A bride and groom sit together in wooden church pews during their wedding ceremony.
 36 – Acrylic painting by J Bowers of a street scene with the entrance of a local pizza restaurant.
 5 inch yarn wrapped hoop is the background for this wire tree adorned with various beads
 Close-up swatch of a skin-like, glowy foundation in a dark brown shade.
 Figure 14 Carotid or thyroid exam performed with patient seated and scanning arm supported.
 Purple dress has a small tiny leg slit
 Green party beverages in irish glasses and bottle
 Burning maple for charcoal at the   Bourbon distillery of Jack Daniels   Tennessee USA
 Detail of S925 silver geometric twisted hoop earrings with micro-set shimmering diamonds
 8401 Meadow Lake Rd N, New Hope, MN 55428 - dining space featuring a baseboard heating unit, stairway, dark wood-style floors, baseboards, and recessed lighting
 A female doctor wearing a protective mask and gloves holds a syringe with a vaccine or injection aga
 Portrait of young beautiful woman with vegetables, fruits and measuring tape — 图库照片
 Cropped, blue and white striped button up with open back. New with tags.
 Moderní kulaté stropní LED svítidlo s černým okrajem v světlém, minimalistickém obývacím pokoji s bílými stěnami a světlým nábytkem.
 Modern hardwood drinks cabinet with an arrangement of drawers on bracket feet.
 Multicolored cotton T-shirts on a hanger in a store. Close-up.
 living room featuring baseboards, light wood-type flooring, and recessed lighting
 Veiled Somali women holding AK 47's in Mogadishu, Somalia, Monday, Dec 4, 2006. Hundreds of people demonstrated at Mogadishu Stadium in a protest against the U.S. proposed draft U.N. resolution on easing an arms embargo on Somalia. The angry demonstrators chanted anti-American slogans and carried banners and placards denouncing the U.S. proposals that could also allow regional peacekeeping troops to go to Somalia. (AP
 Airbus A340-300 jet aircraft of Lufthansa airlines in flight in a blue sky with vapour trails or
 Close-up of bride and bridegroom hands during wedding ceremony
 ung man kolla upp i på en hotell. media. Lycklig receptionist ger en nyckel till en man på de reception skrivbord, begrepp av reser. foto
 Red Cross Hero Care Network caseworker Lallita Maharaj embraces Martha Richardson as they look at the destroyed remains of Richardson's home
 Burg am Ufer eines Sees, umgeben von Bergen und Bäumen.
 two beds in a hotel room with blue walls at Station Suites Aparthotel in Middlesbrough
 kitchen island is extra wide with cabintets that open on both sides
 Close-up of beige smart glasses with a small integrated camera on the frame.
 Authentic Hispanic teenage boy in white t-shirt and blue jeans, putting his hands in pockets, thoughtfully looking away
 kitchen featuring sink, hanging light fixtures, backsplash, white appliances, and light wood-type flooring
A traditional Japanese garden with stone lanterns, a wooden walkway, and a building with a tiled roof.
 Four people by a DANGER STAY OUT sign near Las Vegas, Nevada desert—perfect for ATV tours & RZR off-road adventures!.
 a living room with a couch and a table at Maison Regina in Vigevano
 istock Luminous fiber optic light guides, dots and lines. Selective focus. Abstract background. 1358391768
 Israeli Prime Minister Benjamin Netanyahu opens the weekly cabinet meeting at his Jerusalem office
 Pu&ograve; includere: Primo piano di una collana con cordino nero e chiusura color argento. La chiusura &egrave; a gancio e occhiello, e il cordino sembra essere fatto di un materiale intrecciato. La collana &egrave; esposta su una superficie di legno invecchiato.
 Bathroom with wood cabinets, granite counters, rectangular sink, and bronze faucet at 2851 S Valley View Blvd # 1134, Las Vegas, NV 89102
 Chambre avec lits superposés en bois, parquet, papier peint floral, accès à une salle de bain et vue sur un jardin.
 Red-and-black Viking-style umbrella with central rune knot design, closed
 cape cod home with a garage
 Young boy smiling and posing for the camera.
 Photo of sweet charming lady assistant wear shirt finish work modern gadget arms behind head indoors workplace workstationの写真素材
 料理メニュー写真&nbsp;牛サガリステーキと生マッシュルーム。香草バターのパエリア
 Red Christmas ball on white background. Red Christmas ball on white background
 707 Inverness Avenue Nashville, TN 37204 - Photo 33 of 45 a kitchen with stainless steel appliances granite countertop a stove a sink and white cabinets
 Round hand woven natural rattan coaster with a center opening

· · · · · · ·

» **What is being asked**
Would you copy out exactly the lines above that start at the one containing "Red-and-black Viking-style umbrella" and end at the one containing "Young boy smiling and posing for the camera.", inclusive?

» **Answer below**
 Red-and-black Viking-style umbrella with central rune knot design, closed
 cape cod home with a garage
 Young boy smiling and posing for the camera.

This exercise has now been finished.